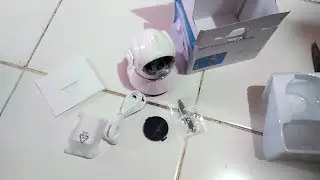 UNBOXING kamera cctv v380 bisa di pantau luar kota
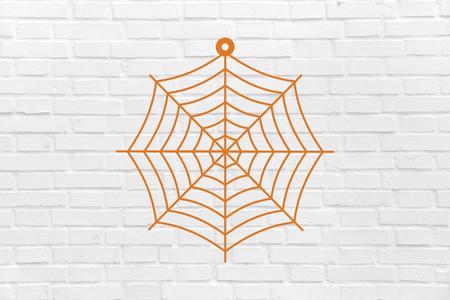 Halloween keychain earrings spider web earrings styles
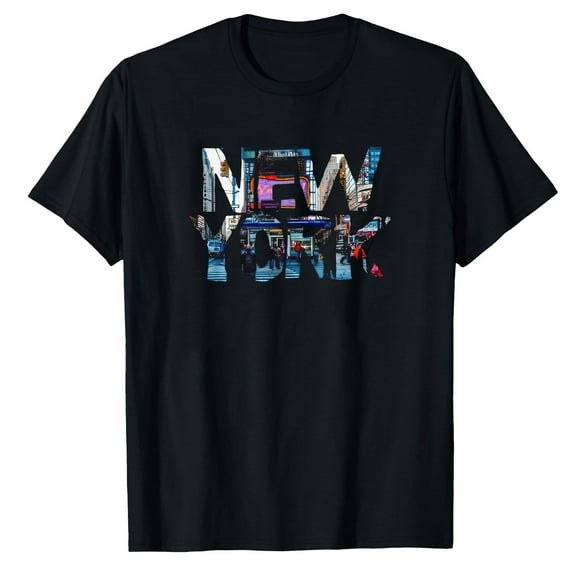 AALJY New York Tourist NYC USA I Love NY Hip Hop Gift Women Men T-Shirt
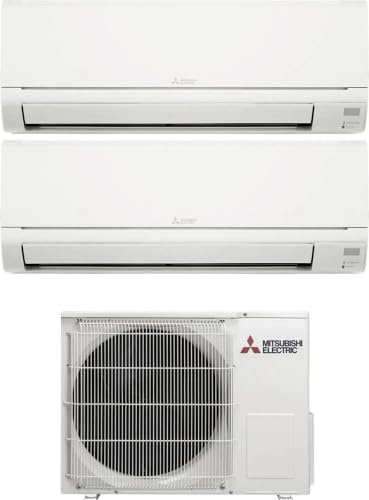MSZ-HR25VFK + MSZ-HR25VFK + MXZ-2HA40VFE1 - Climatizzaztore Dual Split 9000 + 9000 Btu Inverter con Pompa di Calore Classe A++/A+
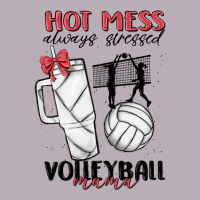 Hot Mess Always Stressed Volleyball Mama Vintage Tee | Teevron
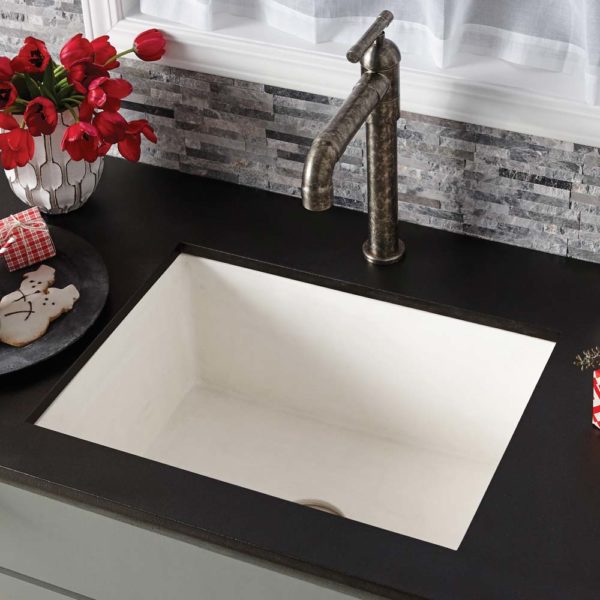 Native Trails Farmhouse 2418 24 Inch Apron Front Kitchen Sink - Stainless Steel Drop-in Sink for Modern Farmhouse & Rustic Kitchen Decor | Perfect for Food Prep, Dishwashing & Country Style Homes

────────────────

Prompt:
Retype word for word the span of lines above that begins with the line containing "MSZ-HR25VFK + MSZ-HR25VFK" and ends with the last line of the records; skip all pictures.

Response to this exercise:
MSZ-HR25VFK + MSZ-HR25VFK + MXZ-2HA40VFE1 - Climatizzaztore Dual Split 9000 + 9000 Btu Inverter con Pompa di Calore Classe A++/A+
 Hot Mess Always Stressed Volleyball Mama Vintage Tee | Teevron
 Native Trails Farmhouse 2418 24 Inch Apron Front Kitchen Sink - Stainless Steel Drop-in Sink for Modern Farmhouse & Rustic Kitchen Decor | Perfect for Food Prep, Dishwashing & Country Style Homes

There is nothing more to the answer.